О РОССИИ из дневника




 Эти заметки продиктованы не злорадством чужака, а искренней болью за ту страну, где я стал тем, кем хотел стать. За страну, которой обязан тем, что вырос в могучем, талантливом поле культуры

  Повальные воровство и коррупция в России от презрения или ненависти к власти, власти, как правило, тоже воровской, грабительской. Вор тратит силы и талант на то, чтобы украсть у вора, вместо того, чтобы творить, создавать, производить.
 Ельцину удалось уничтожить (добить) «империю зла», но он был не в силах справиться с империей воровства. Все, что было при нем, да и теперь, при Путине, - это лихорадочная, отчаянная попытка ограбленного народа вернуть свое незаконным промыслом. Власть аморальна и народ в ответ аморален.
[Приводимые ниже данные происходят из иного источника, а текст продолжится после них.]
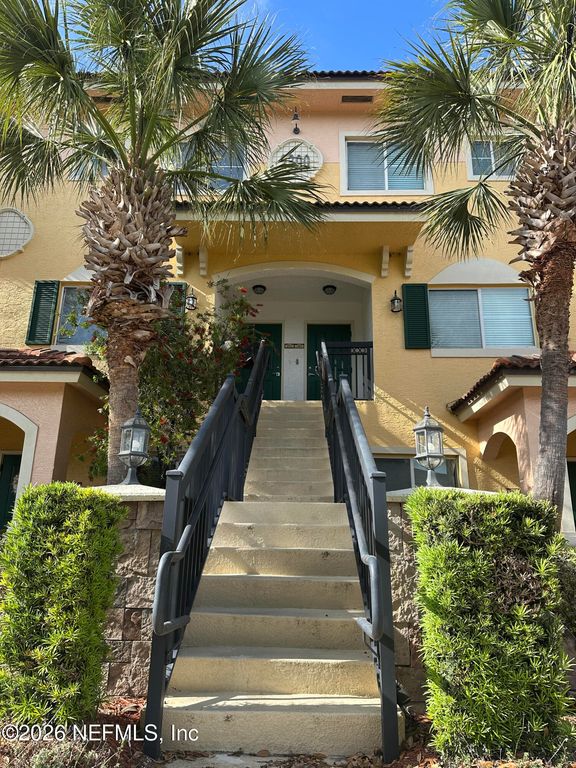 9745 TOUCHTON Road 2324, Jacksonville, FL 32246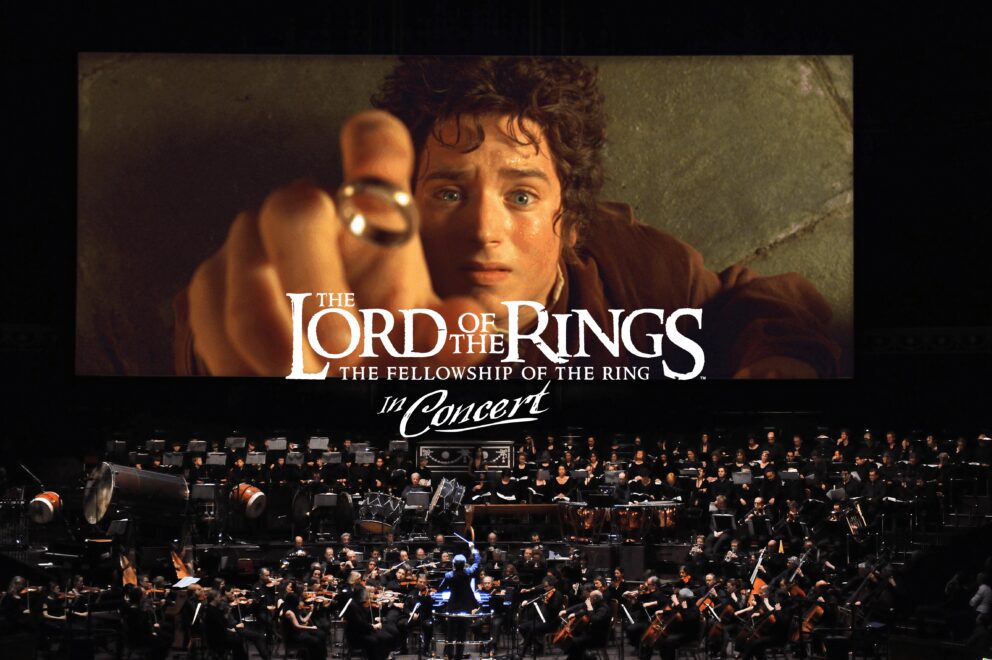 Facebook banner 1 1 min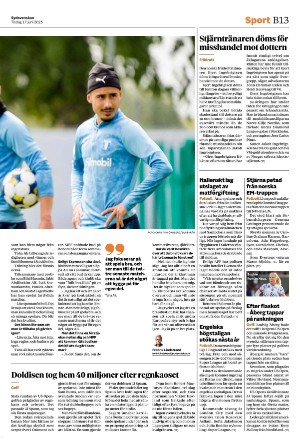 sydsvenskadagbladet_malmo_b-20250617_000_00_00_013.pdf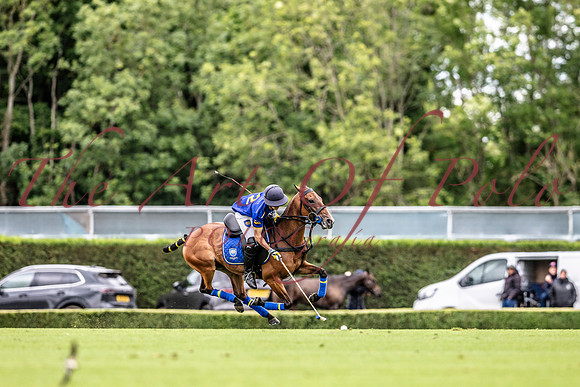 07_06_25_AOP_656
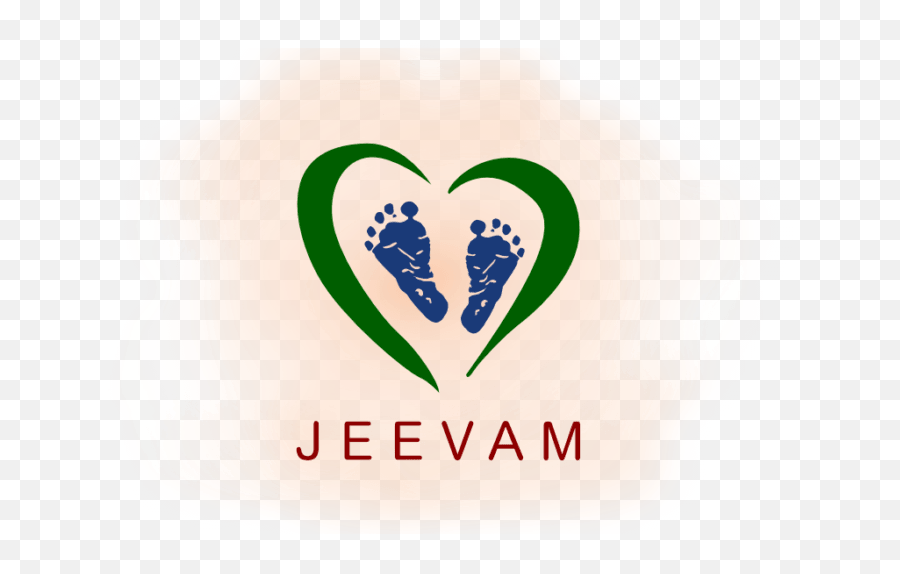 Pediatric Stroke Edison U0026 Paramus Nj - Jeevam Therapy Emoji,Hips And Hearts And Emotions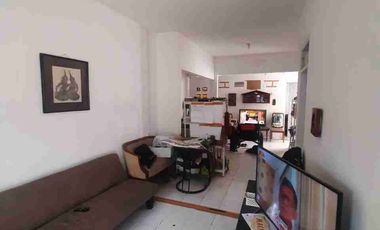 JARANG ADA/LANGKA DIJUAL RUMAH DI BOGOR BARU HARGA 1M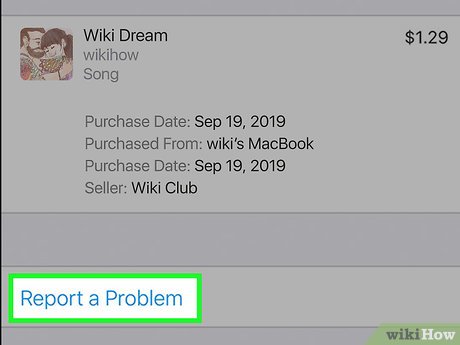 1646992492749020977.jpg how-to-dispute-itunes-charges-picture-3-ztbhyA147.jpg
Похоже, что эта картина не меняется вот уже тысячу лет.
"Каждый, близко познакомившийся с царской Россией, будет рад жить в какой угодно другой стране. Всегда полезно знать, что существует на свете государство, в котором немыслимо счастье, ибо по самой своей природе человек не может быть счастлив без свободы", - пишет русофоб маркиз де-Кюстин, однако спали все оковы при Ельцине, но счастья не прибавилось. К подлинной  свободе путь труден. Ее необходимо прорастить из коварного зерна вольности, вырастить, а только потом собрать урожай.
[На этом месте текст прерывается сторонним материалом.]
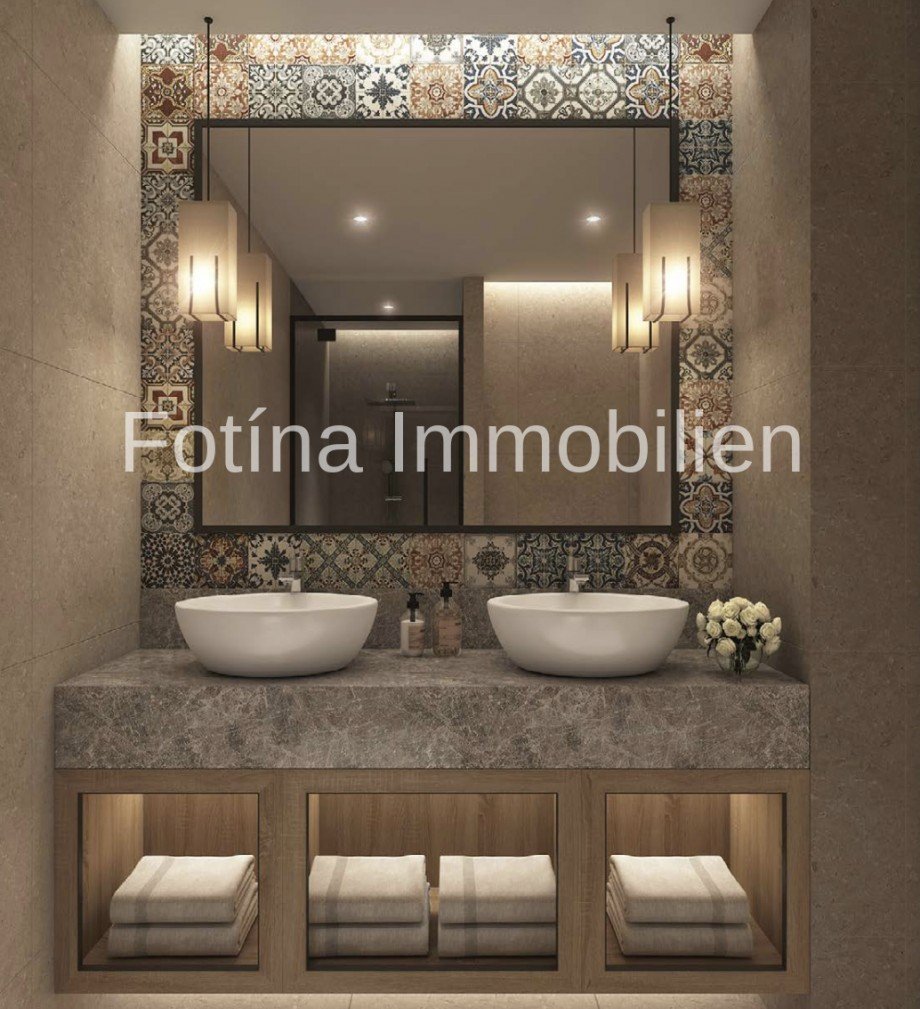  Villa Dubai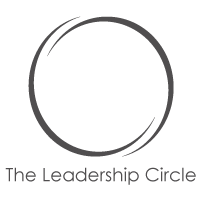 Leadership Circle Logo
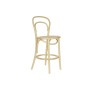 Tabouret DKD Home Decor Naturel 41 x 41 x 95 cm: Plus de 300.000 produits de grandes marques en vente directe à prix usine sur c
 Было бы неправильно думать, что вот исправится власть, и народ ей за это ответит добром. Как правило, либеральный ход упрощает сложное. Связи между властью и народом сложны и прихотливы. Не исключено, что народу нравится та власть, которая его мучает и обворовывает и, тем самым, дает ему, народу, право на грабеж и насилие.
   В России, как обычно, идут два процесса: свободные деньги стремятся превратиться в недвижимость на фоне зависти и злобы тех, кому они не достались, а, точнее,  тех, кому они достались в меньшем объеме.
Беда в том, что Россия еще не научилась (да и научится ли?) сколачивать крупный капитал легально. Большие деньги носят характер халявы (нефтедоллары) или имеют криминальный характер. Отсюда и накапливание в обществе «праведного» гнева  «униженных и оскорбленных» и угроза нового передела, который эта страна может и не выдержать. Ворующие у воров могут снова начать грабить награбленное – вот это станет бедой настоящей.
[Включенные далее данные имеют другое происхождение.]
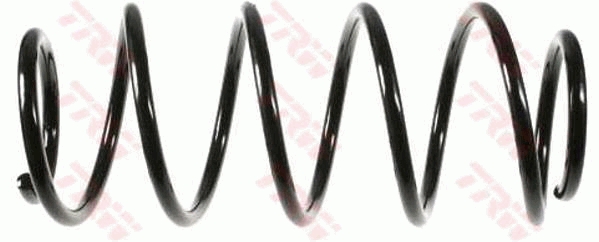 Arc spiral JCS232 TRW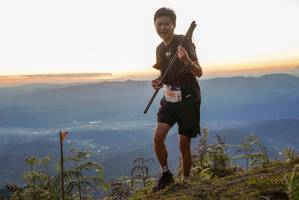 BIB: 702
                            <button type="button" onclick="openModal(19014410)" class="btn btn-primary btn-sm float-right btn-popup" data-toggle="modal" data-target=".modal-high-quality">
                        <i class="fas fa-shopping-cart"></i> Add to Cart
                    </button>
                                            <button type="button" onclick="isThisMe(19014410, true)" class="btn btn-success btn-sm float-right btn-popup btn-isme hidden" data-toggle="tooltip" data-placement="bottom" title="นี่คือรูปของคุณใช่ไหม คลิกที่นี่เพื่อเอาเข้าอัลบั้ม">
                        <i class="fas fa-plus"></i> Add to album
                    </button>
                    <button type="button" onclick="isThisMe(19014410, false)" class="btn btn-warning btn-sm float-right btn-popup btn-isnotme hidden">
                        <i class="fas fa-ban"></i> Remove from album
                    </button>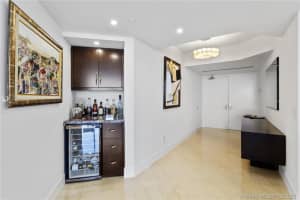 4779 Collins Ave, Miami Beach, FL 33140, Sold 04/23/21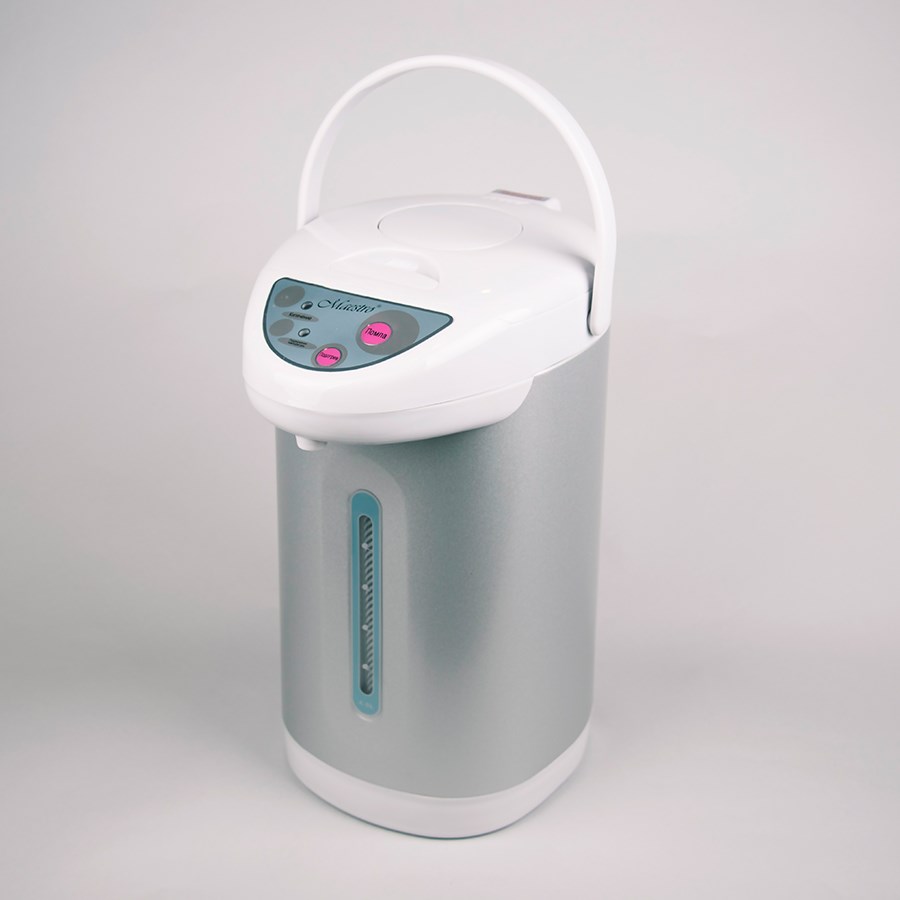 Grijač vode / toplinski lonac maestro MR-082 750W, 3,3 l-4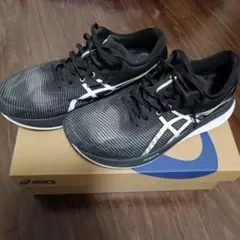 asics マジックスピード3 WIDE　26cm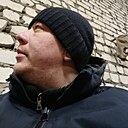 Знакомства: Сергей, 34 года, Димитровград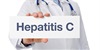 Nova nada za oboljele od hepatitisa C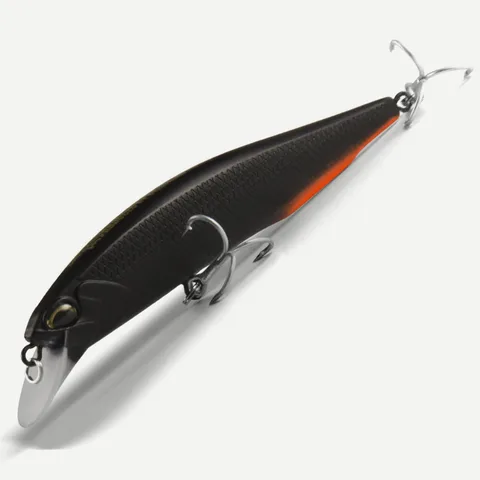 Bearking Sparrow 100SP Suspending Jerkbait Minnow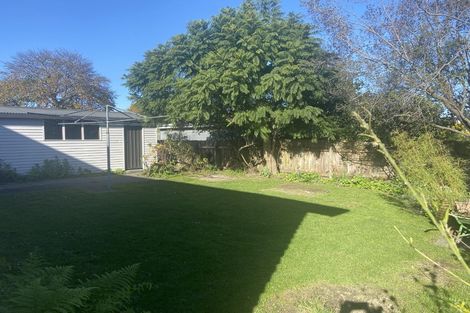 Photo of property in 23 Peddie Street, Taradale, Napier, 4112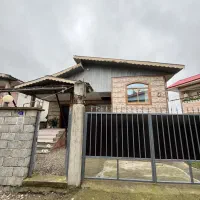 ویلا سنگده پایین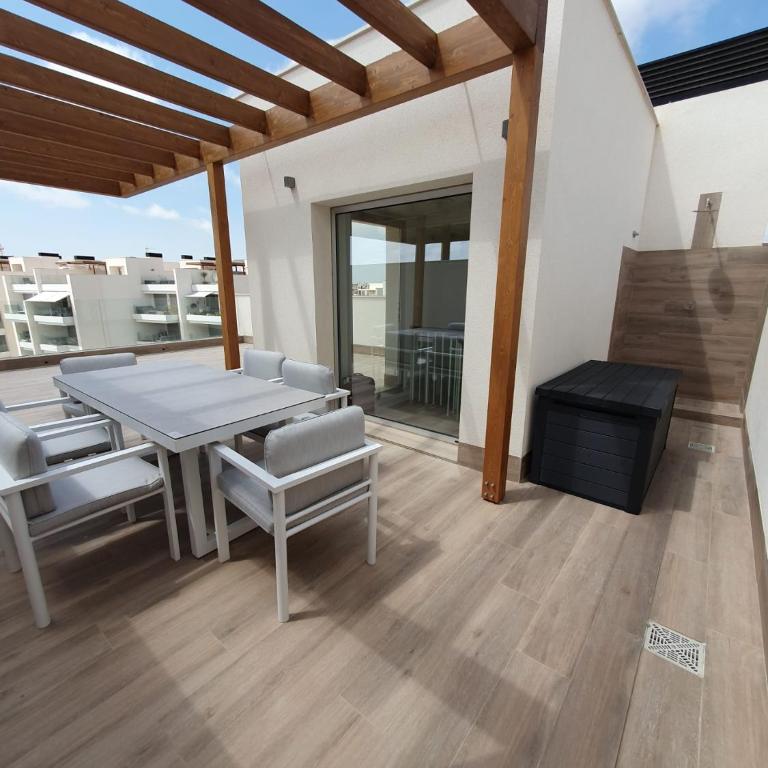 CasaEma - Apartamento de 2 dormitorios - 18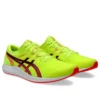 Hyper Racer „Safety Yellow Black“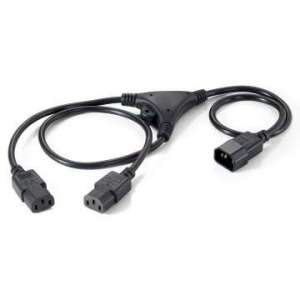 EQ112210 EQUIP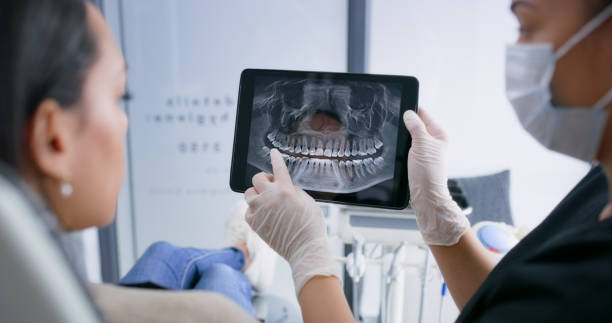 Licensed Tooth Extraction service in Lake Park, GA - Smile Center Dentistry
 В деревне Мележи было 40 лет назад 20 коров. Сегодня – ни одной. Обрабатывались практически все приусадебные участки. Сегодня - не больше десятой части. Деревня практически перестала существовать. Дома и землю выкупили «дачники». Автономность существования полностью разрушена. Если порвется газопровод - нить, питающая «дачников», эта земля просто умрет, а нить может порваться в любой момент, так как источник богатств в России не носит нормального, трудового, честного характера. Держава крадет свое достояние у природы, но при этом алчно и глупо обворовывает сама себя.
  
 Почему в этих заметках столько России? Может быть потому, что об Израиле писал  по долгу службы семь с половиной лет  пять-шесть статей в неделю. И, что мог и понял, сказал.
- Не любишь ты русский народ, - сказал мой приятель, прочитав эти строки.
Да никакой я народ не люблю. Народ – это толпа, масса, как можно любить некое множество. Если честно, вообще не понимаю, что стоит за этим определением? Чаще всего, ложь и демагогия. Люблю своих детей и внучек, музыку Моцарта, рассказы Чехова и повести Зингера. Люблю своих русских и еврейских друзей, люблю настоящий лес и теплое море. А вот понять, как можно любить какой-либо народ никак не могу.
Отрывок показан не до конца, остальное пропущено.